*** Data for the task Section Begins ***
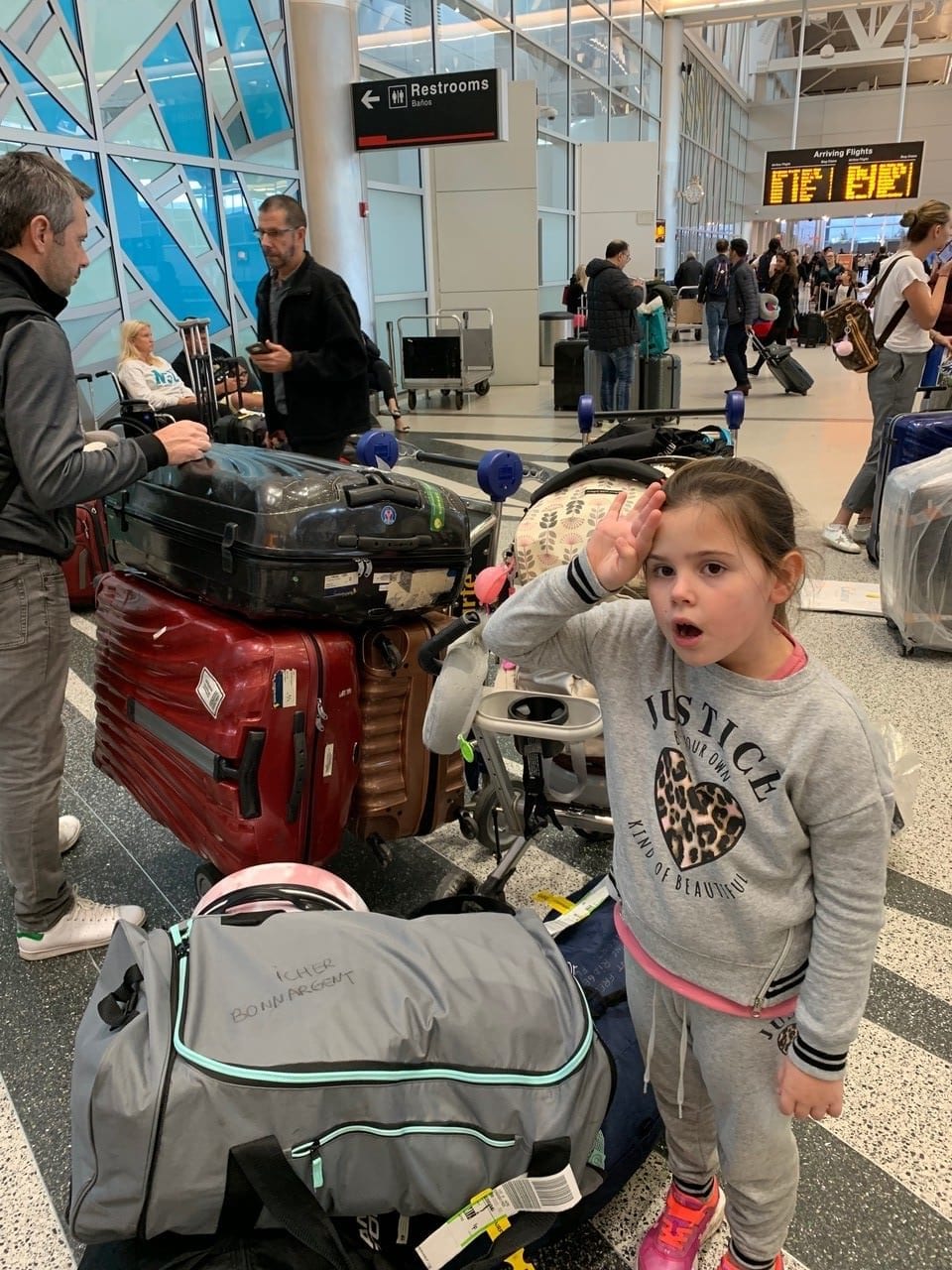 Lola Icher at the airport with some of the family luggage.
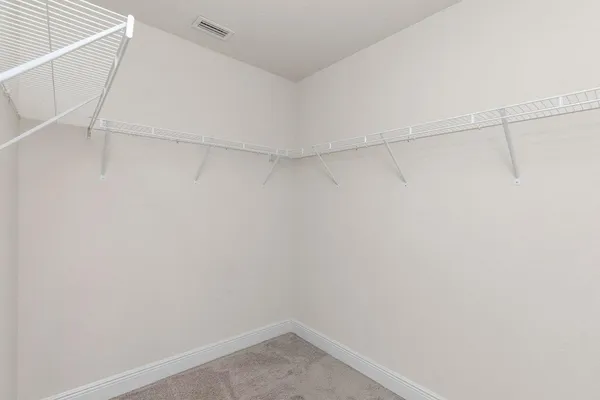 a view of a room with racks on the wall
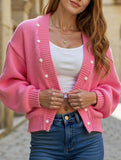 Women's pink button-down knit cardigan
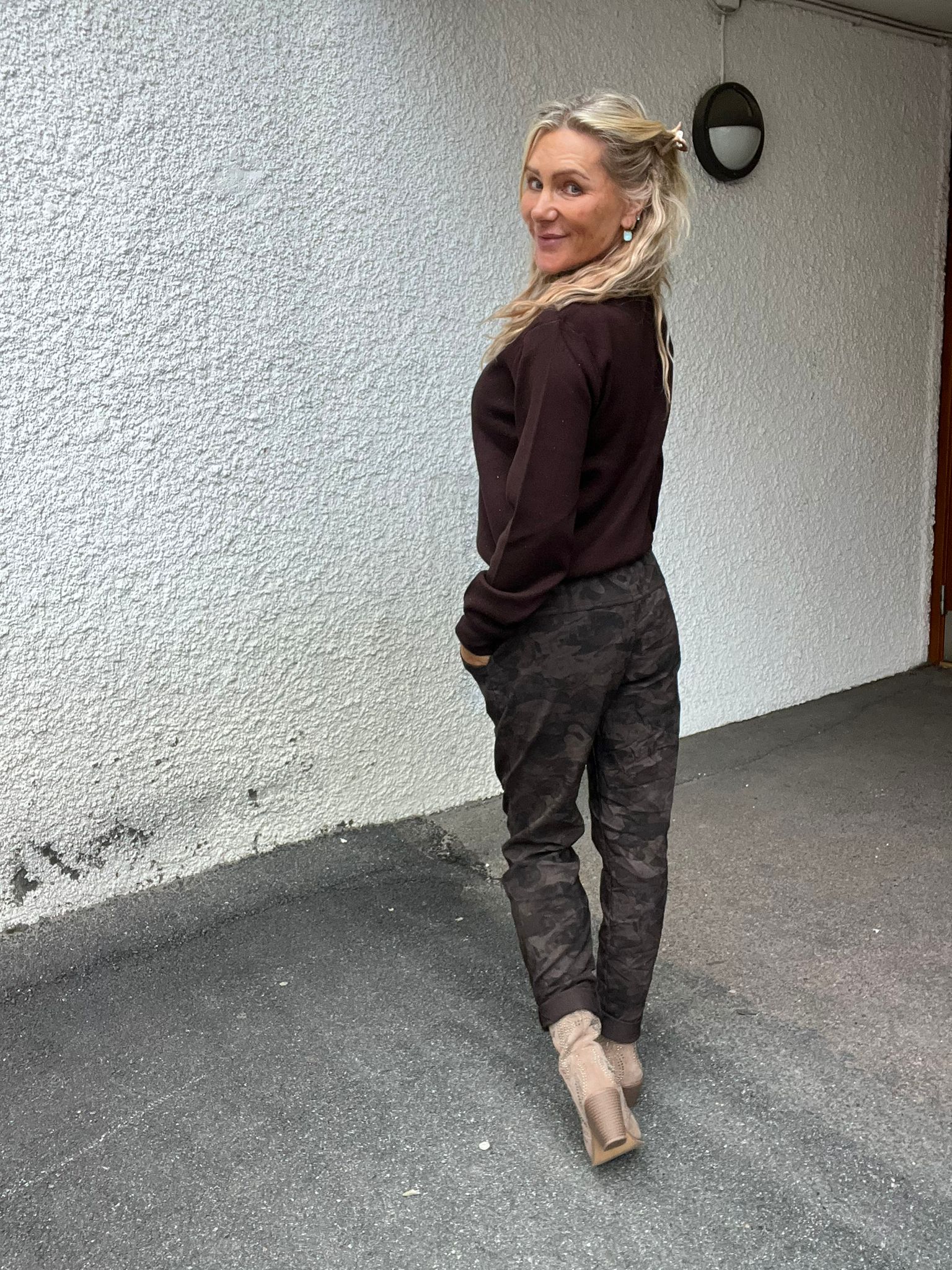 Blond kvinna står på asfalt intill en vit, grovputsad vägg och tittar leende över axeln mot kameran, med händerna i fickorna. Hon bär mörk tröja, kamouflagemönstrade byxor och beige klackskor; vägglampa syns ovanför.
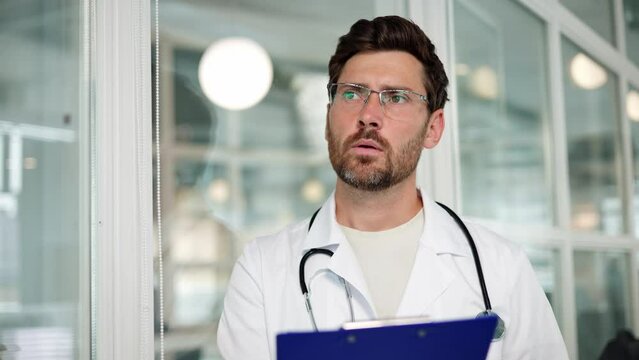 Adult Man Doctor Studying Medical Report Of Patient In Office Room. Male Practitioner Doing Paperwork In Hospital Office. Concentrated Serious Doctor In White Coat, Stethoscope Holding Medical Papers.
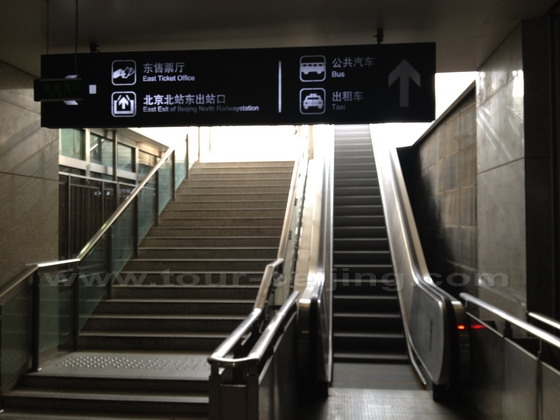 You have to take the escalator up to the ground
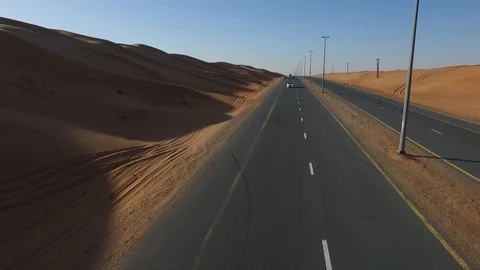 White car moves towards the camera on the desert highway Stock Footage 92682047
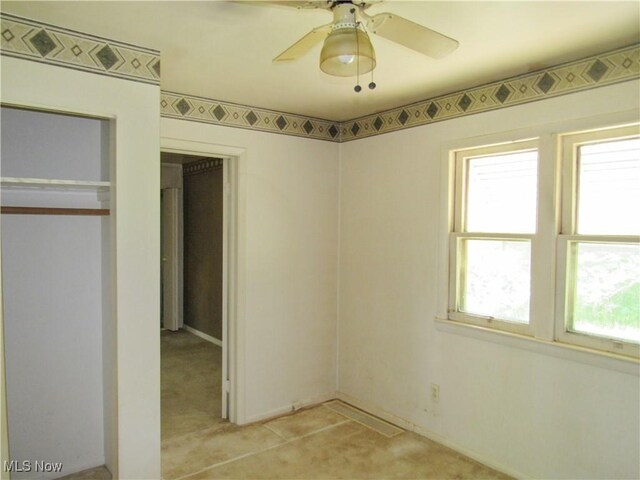 12316 Sunset Dr, Garfield Heights, OH 44125 - unfurnished bedroom featuring ceiling fan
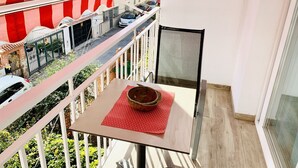 A balcony with a table, a chair, and a view of a street with parked cars and buildings. - Apartment for 2 in Nerja center (Nerja)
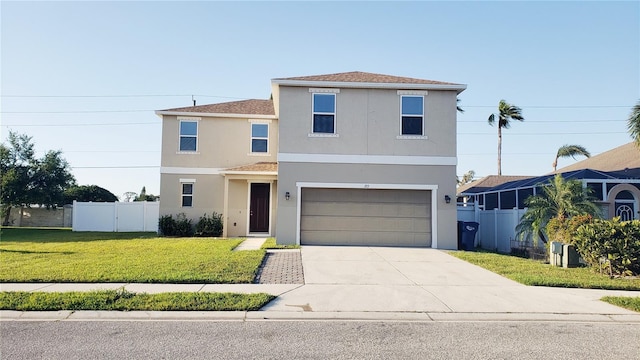 215 63rd Dr E, Bradenton, FL 34203 - traditional-style house with concrete driveway, stucco siding, an attached garage, a front lawn, and fence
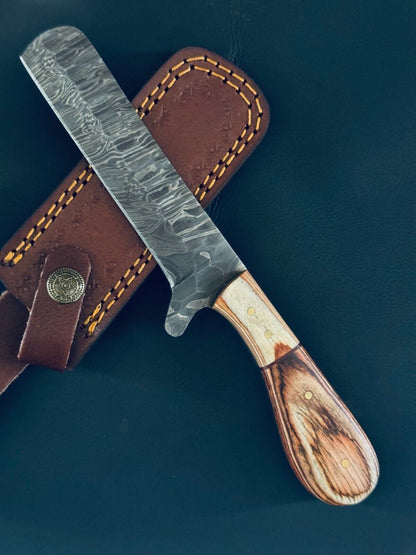 Damascus bull cutter knife with a pakkawood handle and leather sheath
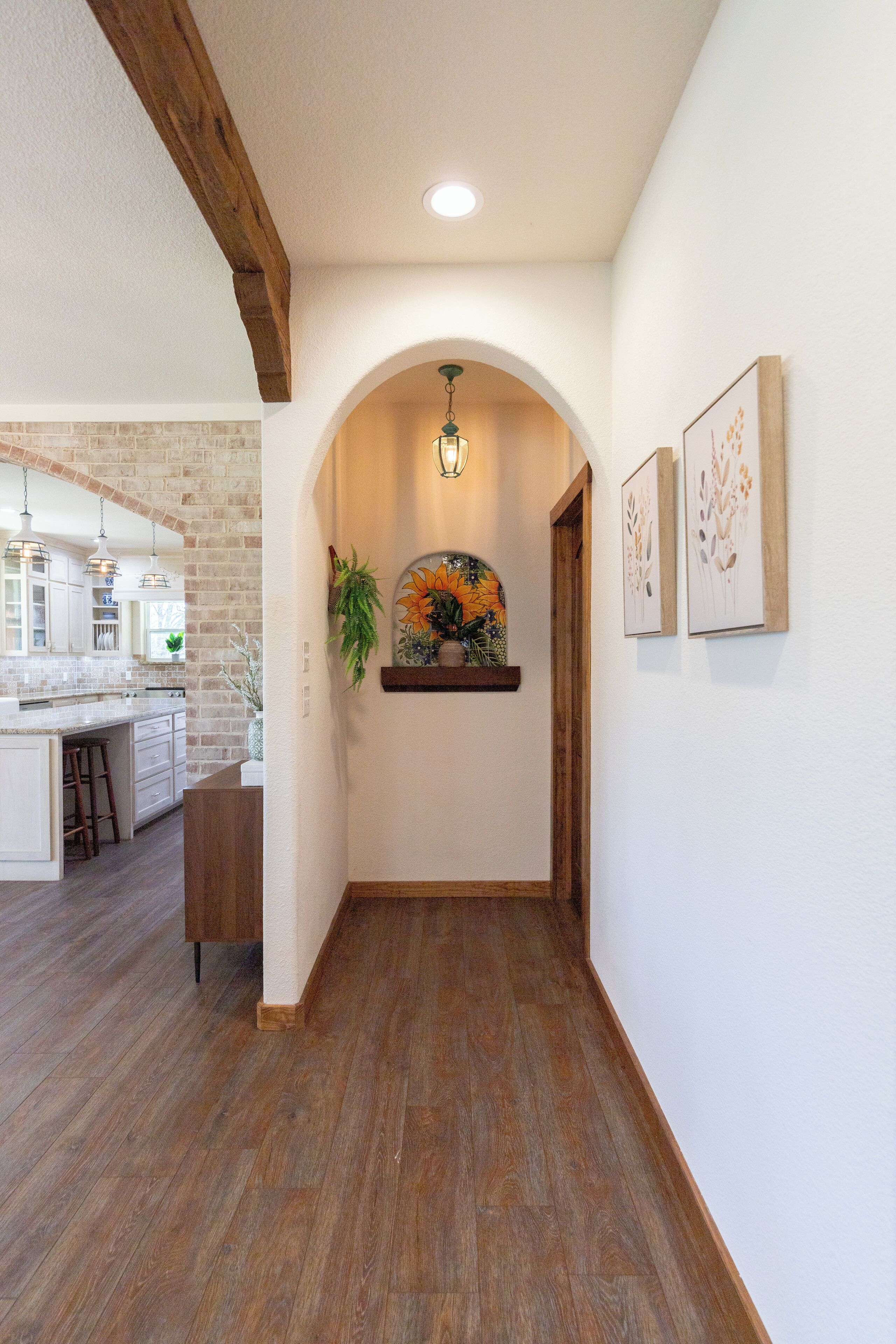 A hallway with wooden flooring, a brick wall, and a kitchen area visible through an archway.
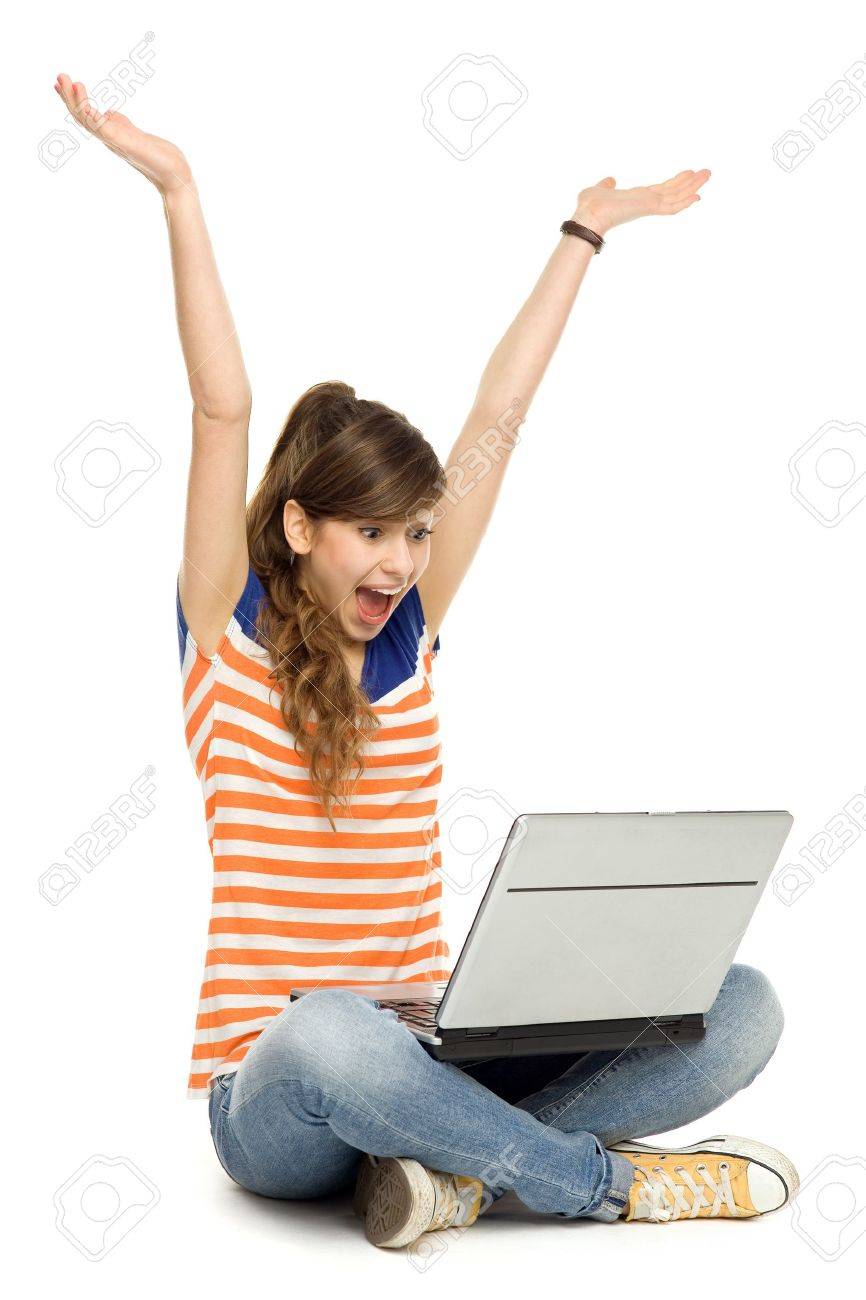 Woman with arms raised using laptop - 12037852 Woman with arms raised using laptop - 12037852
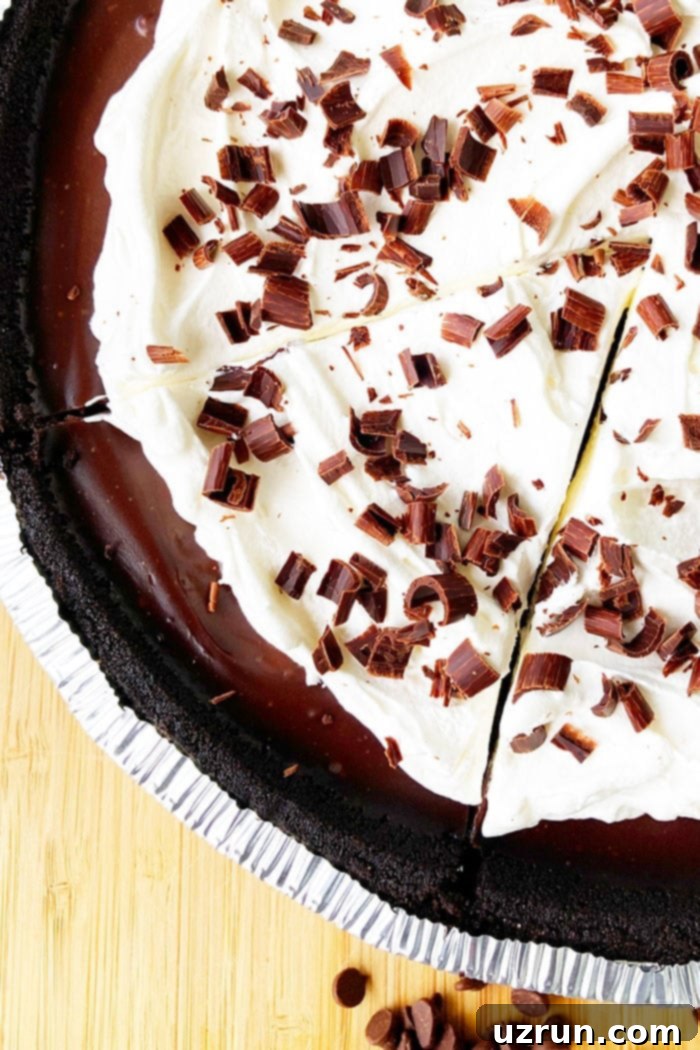 Easy No-Bake Chocolate Cream Pie 5 No Bake Chocolate Pie With Whipped Cream and Chocolate Shavings on Wood Background- Overhead Shot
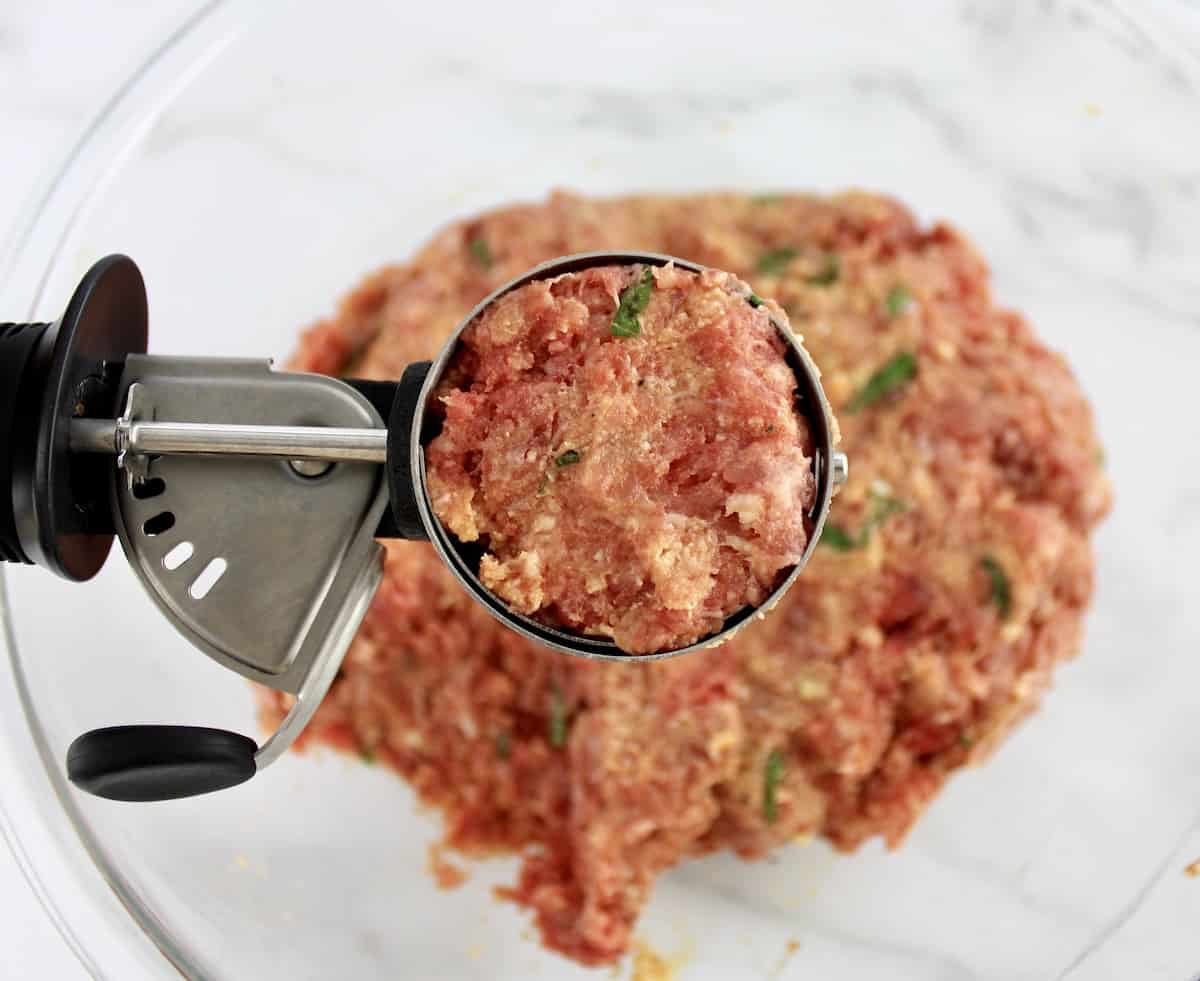 Keto Italian Meatball mix in ice cream scoop held over a mixing bowl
*** Data for the task Section Ends ***
**Work to complete:**
Print the lines from the line with "A hallway with" to the end of the data above. Include both ends, exclude the pictures, and add nothing else.

**Exercise result:**
 A hallway with wooden flooring, a brick wall, and a kitchen area visible through an archway.
 Woman with arms raised using laptop - 12037852 Woman with arms raised using laptop - 12037852
 Easy No-Bake Chocolate Cream Pie 5 No Bake Chocolate Pie With Whipped Cream and Chocolate Shavings on Wood Background- Overhead Shot
 Keto Italian Meatball mix in ice cream scoop held over a mixing bowl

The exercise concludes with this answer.